← Back to context

Comment by simonw

3 years ago

This is an interesting approach to this problem.

I like the idea of building the new schema as an in-memory database. You could even go a step further and compare them using a SQL query that joins across the two databases (SQLite supports this, it's pretty neat).

I'm a bit nervous about how edge-cases might screw things up, but a nice thing about SQLite is that backups are really cheap so I guess you can protect against any risks by creating a backup before running this script.

My preferred approach to database migrations is the one implemented by Django: migrations are a sequence of transformations stored in files on disk, and the database includes a table that says which of those migrations have been applied. This keeps everything in version control and means there's no chance of the wrong migration being applied in the wrong way.

It's quite a bit more work to setup though. I don't have my own Django-style migration system for SQLite yet and I really need one.

I really love how clean and short the implementation of this is! https://david.rothlis.net/declarative-schema-migration-for-s...

I worked with Django at a startup for <1y on a team of ~10 engineers. Django migrations are easy and better than a lot of what's out there, but I thought they could be better for the following reasons:

1. Merge migrations are annoying. Especially when you get some engineering velocity going, it's very common to get some conflict. Almost every single time, the merge migrations did not conflict at all.

2. Migrations made checking out someone's code to run on your local machine difficult. You gotta remember to unmigrate before checking out your own branch again, otherwise some future migration may fail.

3. Migrating/unmigrating can be hard to reason with. There has been a lot of cases were a junior engineer pulls the latest code, then realizes their DB is borked due to migrations (maybe a phantom migration that is no longer in their codebase). In some of those cases, we just tell them to start from scratch, since it's easier.

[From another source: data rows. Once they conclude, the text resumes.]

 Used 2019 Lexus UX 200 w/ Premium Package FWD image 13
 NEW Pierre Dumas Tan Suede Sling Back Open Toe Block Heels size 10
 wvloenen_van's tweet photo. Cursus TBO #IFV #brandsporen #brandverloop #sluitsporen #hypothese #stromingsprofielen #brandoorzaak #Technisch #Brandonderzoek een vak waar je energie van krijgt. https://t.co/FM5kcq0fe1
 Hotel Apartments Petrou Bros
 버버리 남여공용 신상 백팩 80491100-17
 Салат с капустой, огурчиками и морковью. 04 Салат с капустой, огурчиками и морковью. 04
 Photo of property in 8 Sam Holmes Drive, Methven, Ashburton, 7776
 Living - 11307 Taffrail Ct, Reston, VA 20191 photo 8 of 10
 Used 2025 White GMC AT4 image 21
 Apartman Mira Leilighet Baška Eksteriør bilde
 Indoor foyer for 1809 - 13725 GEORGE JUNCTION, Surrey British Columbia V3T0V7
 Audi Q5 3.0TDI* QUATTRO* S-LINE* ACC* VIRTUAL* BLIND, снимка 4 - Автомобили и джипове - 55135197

The solution outlined by OP is nice because it eliminates the overhead of those migration files, and only looks at the intended state (the SQL file), and the actual state (the database). While the migration files do provide some necessary ceremony for dealing with user data in prod, I'm not sure if we've ever gotten anything good out of said ceremony versus the overhead we needed to maintain.

  • Yeah I think what you're describing is an issue for all "traditional" database migrations, that is, switching between branches is an issue.

    I think the best thing to do is, during development, recreate and re-populate the database on every branch change automatically. I have that set up in my current project, although I have to remove the database file manually for now. My test data is hardcoded into my codebase, using the repository access code to save the data on startup, if a "load test data" flag is set.

    of course, using an in-memory database would also resolve it, but then any changes I make in the data at runtime would be lost every time.

Disclosure, I'm the co-author of the blog post.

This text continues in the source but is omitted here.